With a vector source file, is it possible to create a high quality graphic letterhead in Word? No matter what format or resolution I make the logo image for the header, it ends up low quality/pixel-y when printed. What should my format/resolution/workflow be?

The client wants to be able to print letterhead documents on demand (rather than having the letterhead printed, and then loading the printed paper into into the office printer). So I think I'm stuck with Word. The previous letterhead was all system-font text, so there were no quality issues. The new logo is a text-based image, and the quality has been lousy at every resolution I've tried importing. I've tried jpg, png-24, eps, and tif. I've even tried changing the automatic compression settings in Word, but it doesn't seem to make much of a difference.
Does Word always compress the image? Is there a way to avoid this? Does it matter if the image is resized in Word?
posted by monkeystronghold to Computers & Internet (13 answers total) 2 users marked this as a favorite
jpg, png, and tif are all bitmap formats. You don't want that.
EPS can have bitmap or vector components. Without knowing how you created the eps file, it's impossible to know which it is. If you created the eps file from a jpg, png, or tif, then you're still dealing with a bitmap, obviously.
The way to do what you want is to create the logo in Illustrator, and then export it as a PDF. You'll then be able to add the PDF to your word document and it should come out high quality. The PDF will contain the vector graphics from Illustrator.
posted by alms at 10:48 AM on August 2, 2012

If you zoom in on the area in your Word doc where the graphic is, does it look pixelated?
I think this may be more to do with the printer settings than the graphic itself. Any graphic 150dpi or better should print nicely enough for letterhead but your printer will treat graphics and text differently so you may have to print using the photo settings or high quality settings in your printer set up.
posted by merocet at 11:00 AM on August 2, 2012

Does it matter if the image is resized in Word?
Very much so, in my experience. You want to insert it into Word at a massive size and then only shrink it down, never enlarge it.
posted by Rock Steady at 11:03 AM on August 2, 2012 [1 favorite]

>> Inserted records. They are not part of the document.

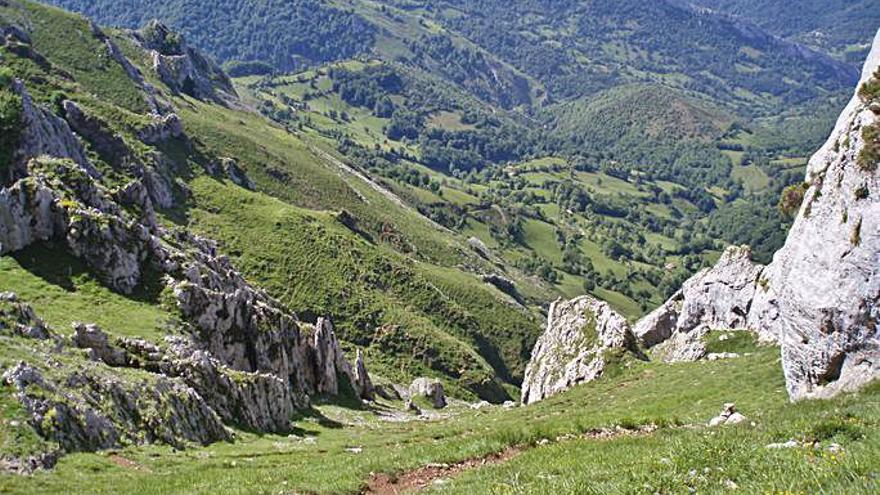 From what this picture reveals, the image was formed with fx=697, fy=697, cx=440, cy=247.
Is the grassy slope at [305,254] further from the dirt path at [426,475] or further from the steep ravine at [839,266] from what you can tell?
the dirt path at [426,475]

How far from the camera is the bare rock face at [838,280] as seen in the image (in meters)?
31.2

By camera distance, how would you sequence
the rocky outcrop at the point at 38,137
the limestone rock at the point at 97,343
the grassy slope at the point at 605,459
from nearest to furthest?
the grassy slope at the point at 605,459
the limestone rock at the point at 97,343
the rocky outcrop at the point at 38,137

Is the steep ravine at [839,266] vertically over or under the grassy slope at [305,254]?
over

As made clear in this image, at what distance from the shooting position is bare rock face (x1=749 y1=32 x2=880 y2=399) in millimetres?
31203

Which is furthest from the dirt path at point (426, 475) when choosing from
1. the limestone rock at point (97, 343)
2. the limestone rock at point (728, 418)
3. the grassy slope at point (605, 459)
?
the limestone rock at point (97, 343)

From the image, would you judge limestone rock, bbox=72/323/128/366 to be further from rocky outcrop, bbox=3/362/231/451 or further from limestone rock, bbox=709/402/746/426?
limestone rock, bbox=709/402/746/426

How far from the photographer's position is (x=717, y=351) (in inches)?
2490

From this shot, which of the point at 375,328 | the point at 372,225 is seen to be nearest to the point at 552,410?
the point at 375,328

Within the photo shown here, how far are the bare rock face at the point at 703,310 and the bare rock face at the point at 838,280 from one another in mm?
30162

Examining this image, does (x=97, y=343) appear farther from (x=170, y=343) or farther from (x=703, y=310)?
(x=703, y=310)

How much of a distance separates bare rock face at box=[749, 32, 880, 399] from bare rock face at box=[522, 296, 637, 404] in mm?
36413

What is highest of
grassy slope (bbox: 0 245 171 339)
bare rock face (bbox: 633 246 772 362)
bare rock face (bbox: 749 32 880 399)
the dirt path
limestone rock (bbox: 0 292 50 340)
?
bare rock face (bbox: 749 32 880 399)

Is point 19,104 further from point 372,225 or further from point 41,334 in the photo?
point 372,225

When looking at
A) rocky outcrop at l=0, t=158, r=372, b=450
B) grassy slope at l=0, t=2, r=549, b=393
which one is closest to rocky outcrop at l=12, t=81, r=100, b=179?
rocky outcrop at l=0, t=158, r=372, b=450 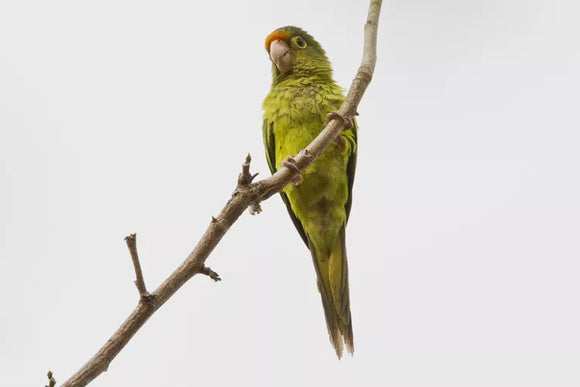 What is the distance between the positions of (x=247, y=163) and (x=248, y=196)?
14cm

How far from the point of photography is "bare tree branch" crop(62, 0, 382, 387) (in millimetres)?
1983

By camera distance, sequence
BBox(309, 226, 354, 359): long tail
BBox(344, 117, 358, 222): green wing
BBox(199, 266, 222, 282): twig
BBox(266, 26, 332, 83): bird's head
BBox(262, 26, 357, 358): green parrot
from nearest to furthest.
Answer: BBox(199, 266, 222, 282): twig → BBox(309, 226, 354, 359): long tail → BBox(262, 26, 357, 358): green parrot → BBox(344, 117, 358, 222): green wing → BBox(266, 26, 332, 83): bird's head

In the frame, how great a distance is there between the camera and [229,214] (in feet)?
8.20

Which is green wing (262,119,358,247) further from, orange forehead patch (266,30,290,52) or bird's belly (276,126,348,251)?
orange forehead patch (266,30,290,52)

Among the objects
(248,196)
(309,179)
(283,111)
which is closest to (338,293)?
(309,179)

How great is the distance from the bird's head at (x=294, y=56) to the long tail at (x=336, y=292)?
1386mm

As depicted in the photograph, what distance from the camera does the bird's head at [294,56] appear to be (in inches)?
210

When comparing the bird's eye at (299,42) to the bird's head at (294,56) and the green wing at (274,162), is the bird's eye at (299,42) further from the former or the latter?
the green wing at (274,162)

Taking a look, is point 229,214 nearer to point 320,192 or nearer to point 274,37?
point 320,192

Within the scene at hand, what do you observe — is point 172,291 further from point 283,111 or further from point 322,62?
point 322,62

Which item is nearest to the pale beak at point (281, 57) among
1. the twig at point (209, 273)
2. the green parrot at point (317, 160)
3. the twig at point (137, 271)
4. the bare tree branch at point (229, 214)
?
the green parrot at point (317, 160)

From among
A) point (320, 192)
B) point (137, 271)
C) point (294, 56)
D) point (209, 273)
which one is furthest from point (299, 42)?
point (137, 271)

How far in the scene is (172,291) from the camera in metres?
2.21

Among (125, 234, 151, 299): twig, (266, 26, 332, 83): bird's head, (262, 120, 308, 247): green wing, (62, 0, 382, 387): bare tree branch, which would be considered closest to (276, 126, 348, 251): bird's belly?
(262, 120, 308, 247): green wing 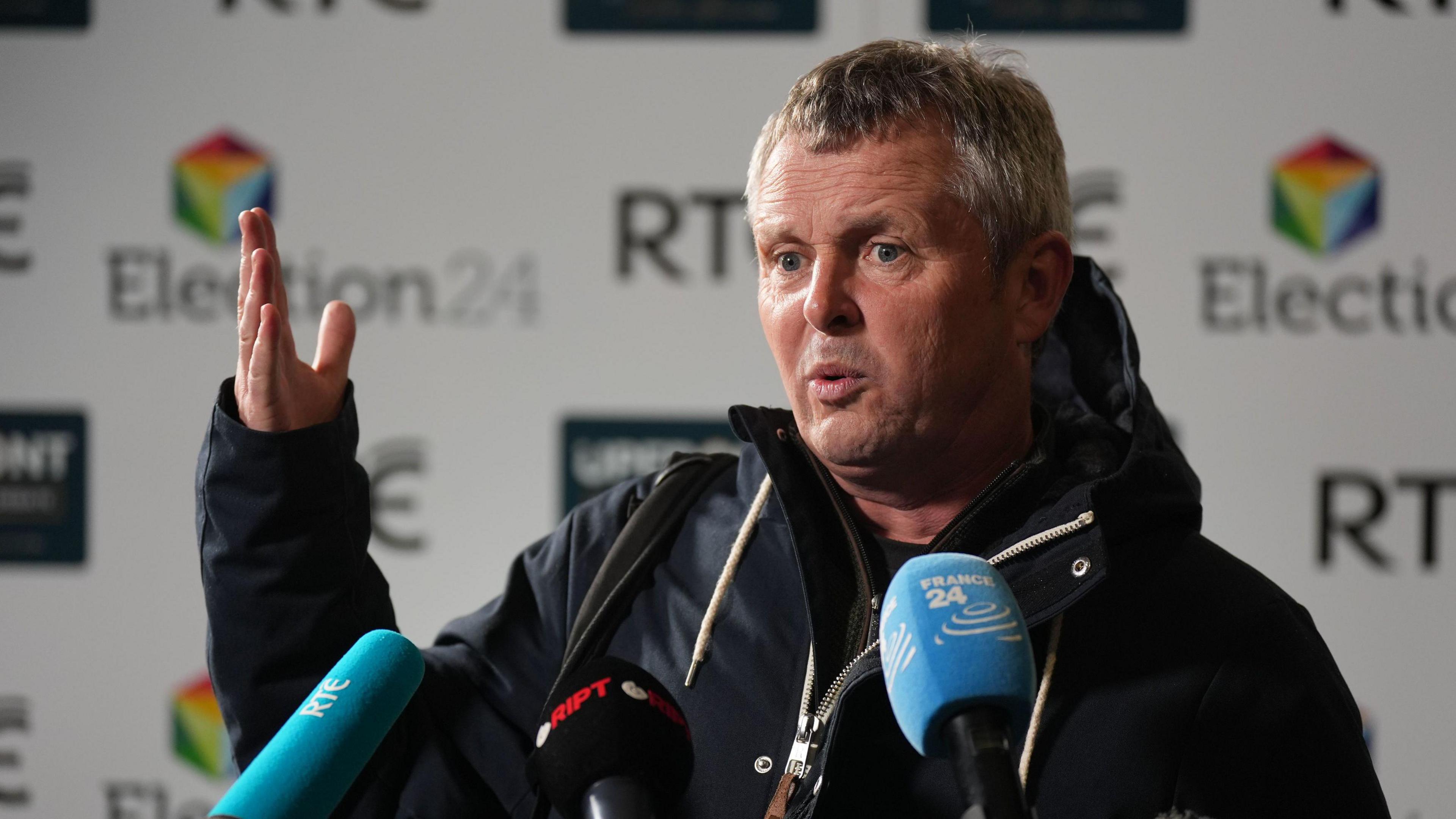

See if you can convert the vector format into a EMF file, which Word should handle as vector.
posted by wongcorgi at 11:10 AM on August 2, 2012 [1 favorite]

Microsoft Word Mac Free

I do this by exporting from Illustrator (or whatever vector program you use) as a Windows Meta File (WMF) file. In Illustrator, choose 'Export as' from the file menu, not 'Save as'.
As per what wongcorgi says about EMFs (a quick google search informs me they're related), WMFs are handled as vectors within Word.
posted by springbound at 11:34 AM on August 2, 2012 [1 favorite]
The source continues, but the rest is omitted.